Later, when the world’s love is momentarily spent and the crowds have slipped weakly away, she makes a space for him in her little van. It is rundown, like this whole decrepit circus, yet there is a corner in it still for happiness. This Ringmaster is, as all have rightly averred, a corrupt and mordant bastard, greedy beyond belief. But, by staying very fat and very thin, respectively, they satisfy his daytime proddings, and by night he is too absorbed in his ledgers to pay them notice.

Thus, though the sacrifices have been considerable, if indeed not prohibitive, we have obeyed the innocent bite in our forks and held fast to our precious metaphor.

Yet, somehow, strangely, it has lost some of its old charm. We go to the circus to see the Fat Lady and the Thin Man, and though warmed by them, perhaps even amused and incited by them still, we nevertheless return home somehow dissatisfied. Fat, yes, the Fattest, and Thin — but what is it? Maybe only that, as always, they are ludicrous, and that now, having gone to such lengths to reunite diem, we are irritated to discover their limits, to find that the Ludicrous is not also Beautiful.

“Like, well, like they oughta do more for us somehow—”

“After all we’ve done for them!”

“Thin Man, Fat Lady, all right, it’s cute, it’s funny maybe, but…”

Well, let us admit it, perhaps it is ourselves who are corrupted. Perhaps we have seen or been too many Ringmasters, watched too many parades, safely witnessed too many thrills, counted through too many books. Maybe it’s just that we’ve lost a taste for the simple in a world perplexingly simple. For, see, there? There a child laughs gaily at the Thin Man’s tense smile, and there a young couple giggle in front of the unctuous Fat Lady.

So, what the hell, some circus music, please! Some raging lions and white horses and the clean cracking of black whips! Crackerjacks! Peanuts! And a monkey to wrap his tail around the flagpole! For remember: these two, magic metaphor or no, are not the whole circus. Nor — to borrow from the hoariest spiel of them all — in this matter of circuses, is life one. There are three rings—

“Lazygentamun, absolutely unique, this way, patrons of the arts, desolate wastes, deepest Injah, suckled by werewolves, nekkid and hairy—”

“Raithiswhay, folks! She’s half-human, half-reptile! Yawone believe yer eyes!”

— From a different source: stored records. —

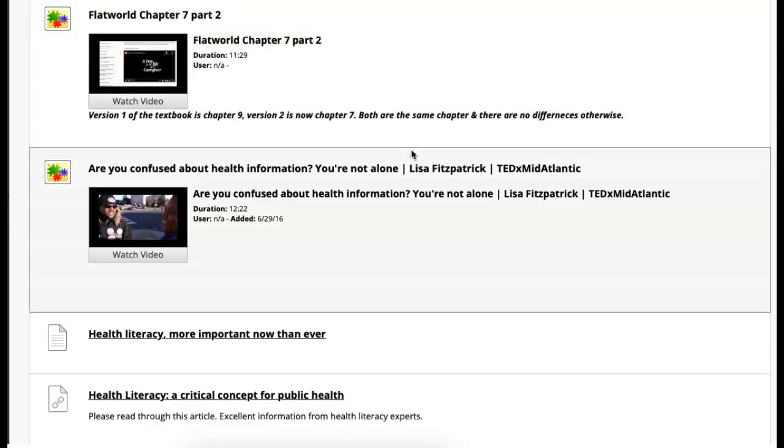And then I really like this TED Talk. Are you confused about health information? You're not alone. And I'll say as a healthcare professional, healthcare is super confusing. There's always changes. There's always challenges in relation to understanding what direction we need to go, what's healthy, what's not healthy.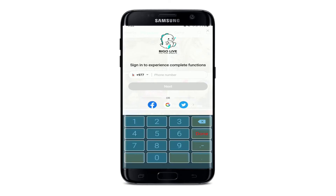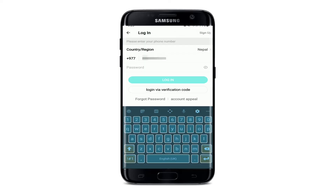Let me log in to my account using the phone number option. Type it in the text box where it says phone number and tap on next. On the next page, enter your password for your account right where it says password. After you're done, tap on the login button.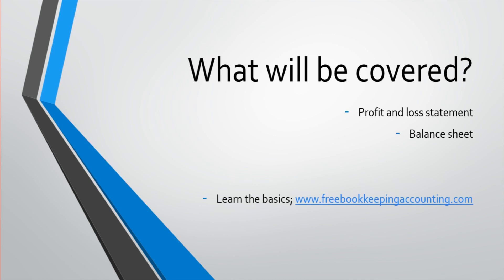So please stay with me and I'll speak to you in the next video where we'll start looking at some formulas that you can use to analyze financial statements.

“Absolutely wild gotta stand back limited time only, getcha tickets here, before goin inta the Big Top, see him now may never get another chance lives entirely on human flesh, ya heard me right, son! and we don’t know how long we can keep him alive—!”

— And then there are more. Who can grasp it all? And who, grasping, can hold it! No, we have lost many things, go on losing, and must yet lose more. Even the Thin Man will grow old and bent, the Fat Lady will shrivel and die. We can hang on to nothing. Least of all the simple.

“This way, boyzungirls, inna the Big Show startin in jusfiminnit! still plennya seats but goodwonzur goin fast! yessir mistuh and how many—?”

“Hey cottoncandy popcawn sodypop!”

“Getcha soovuhnih booklet while they last! Fittysens two quawtuhs of a dollah! Byootiful faw-color alla stars take a thrills home with ya!”

“There they come! It’s the parade!”

“Lass chance now folks tellyawhawgawnuhdo! limted time only fore the Big Show gets unnerway! pay tenshun madam while supply lasts one quawtuh hurry! alla thrillsnchills Big Top in faw colors one quawtuh fifferadollah add extra bonus feachuh bagga nuts! you there—!”

But listen! the losses! these too are ludicrous, aren’t they? these too are part of the comedy, right? a ring around the rings! So, damn it, let us hoot and holler and thrill and eat peanuts and cheer and swill the pop and laugh and bawl! Come on! All us Thin Men! All you Fat Ladies!